Vídeo: Maduro y su esposa, arrestados tras una madrugada marcada por explosiones
El Ejecutivo atribuye las detonaciones registradas en enclaves militares a una acción extranjera mientras refuerza la seguridad institucional y mantiene en reserva la localización del jefe del Estado.
Un clima de máxima tensión envuelve al país desde las primeras horas del día, con informaciones oficiales, testimonios ciudadanos y reacciones internacionales que dibujan un escenario de incertidumbre política y militar de alcance regional.
Explosiones en puntos neurálgicos del poder
Fuentes presenciales alertan de ruidos intensos, repetidos y prolongados en instalaciones estratégicas situadas en Caracas, especialmente en Fuerte Tiuna, uno de los principales complejos militares del país, donde se concentran altos mandos de las fuerzas armadas y responsables gubernamentales, así como en la base aérea de La Carlota, desde donde se observa humo y un incremento del tráfico de aeronaves.
La versión oficial y la activación de medidas excepcionales
El Ministerio de Comunicación difunde un comunicado en el que anuncia la declaración de un estado de emergencia tras los sucesos registrados en la capital y en los estados de Miranda, Aragua y La Guaira; el texto sostiene que Venezuela “rechaza, repudia y denuncia” una agresión militar estadounidense y llama a todas las fuerzas sociales y políticas a activar planes de movilización frente a lo que define como un ataque imperialista.
El paradero del presidente y su entorno
Las autoridades no precisan la ubicación exacta de Nicolás Maduro en el momento de las explosiones y confirman que el mandatario y su esposa se encuentran fuera del territorio nacional, mientras personas conocedoras de la situación señalan que parte de su círculo más cercano permanece a salvo en medio del refuerzo de los protocolos de seguridad.
Una confrontación anunciada durante meses
La denuncia se produce tras un prolongado periodo de advertencias públicas, amenazas y acusaciones de narcotráfico formuladas por el presidente Donald Trump y por altos cargos de su administración, que califican a Maduro como un líder ilegítimo y lo vinculan a redes criminales, imputaciones que el dirigente venezolano niega de manera reiterada.
Presencia militar estadounidense y polémica legal
Desde finales de agosto, el Pentágono incrementa de forma notable su despliegue en el Caribe con tropas, buques de guerra y aeronaves, mientras fuerzas estadounidenses atacan embarcaciones pequeñas que, según Washington, transportan drogas, con un balance de al menos 115 personas muertas; expertos en el uso de la fuerza letal sostienen que estas acciones constituyen ejecuciones extrajudiciales ilegales, frente a la posición oficial de Estados Unidos, que afirma que se ajustan a las leyes de la guerra al considerar que existe un conflicto armado con cárteles.

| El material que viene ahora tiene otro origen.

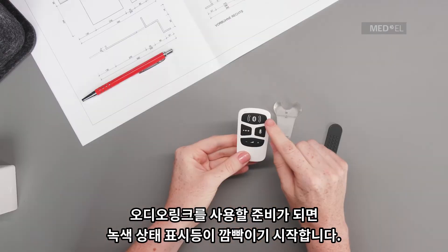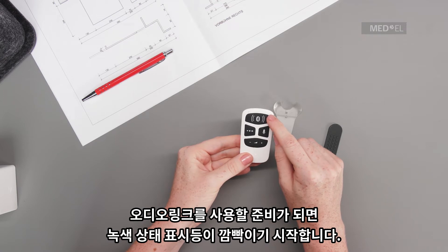The green status light will start pulsing to show that your AudioLink is ready to use.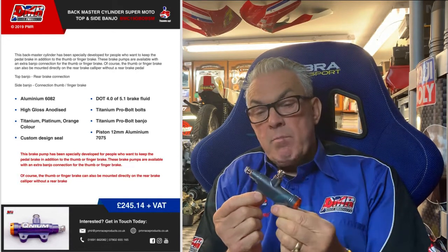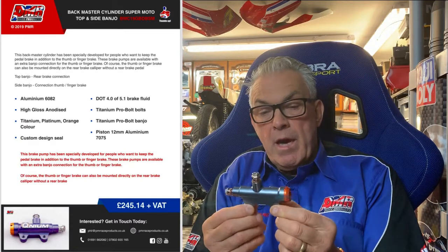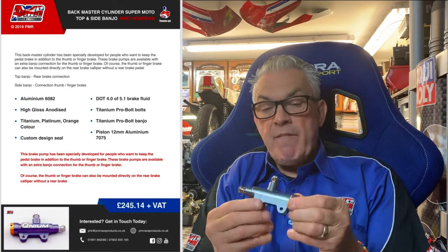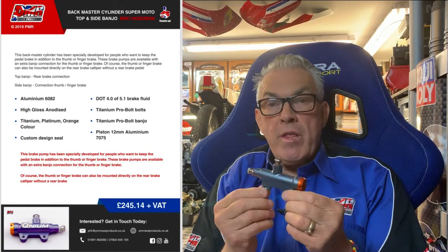Hi fellow racers, just want to bring to your attention the new master cylinders we've done — dual fitting now. This is for your supermoto, which is a screw-mounted fixing, 12mm bore. You can run one to your thumb brake, one to your back caliper. It is made out of 6082 billet and is available in stock.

Operaciones encubiertas y presión económica
Personas informadas sobre operaciones recientes indican que la CIA ha llevado a cabo un ataque con drones contra una instalación portuaria venezolana el mes pasado, lo que apunta a una fase más agresiva de la estrategia estadounidense, a la que se suma una ofensiva contra petroleros que transportan crudo del país, con incautaciones e interceptaciones que desorganizan la industria petrolera y amenazan la principal fuente de ingresos estatales.
Reacciones externas y cautela institucional
La Casa Blanca evita pronunciarse sobre los informes de explosiones, aunque una portavoz del ejército estadounidense reconoce que existen reportes sin concretar responsabilidades; en el ámbito regional, el presidente colombiano Gustavo Petro escribe en redes sociales: «En este momento están bombardeando Caracas. Alerta mundial: han atacado a Venezuela. Están bombardeando con misiles», pese a que hasta ahora no se presenta evidencia que confirme de manera concluyente una acción militar directa.
Restricciones aéreas y contexto internacional
La Administración Federal de Aviación de Estados Unidos prohíbe temporalmente los vuelos comerciales sobre el espacio aéreo venezolano por los riesgos asociados a la actividad militar en curso, mientras Donald Trump permanece en Mar-a-Lago, donde recibe informes de seguridad nacional junto a sus principales asesores.
Capacidades defensivas y control interno
Analistas señalan que Venezuela dispone en teoría de misiles de origen iraní y ruso, sistemas antiaéreos, vehículos blindados chinos y antiguos aviones de combate F-16, aunque advierten de problemas estructurales como la falta de entrenamiento, el deterioro del armamento y las deserciones; en este contexto, el dispositivo de seguridad presidencial se refuerza con cambios frecuentes de ubicación y de comunicaciones y con el apoyo de asesores cubanos en los altos mandos.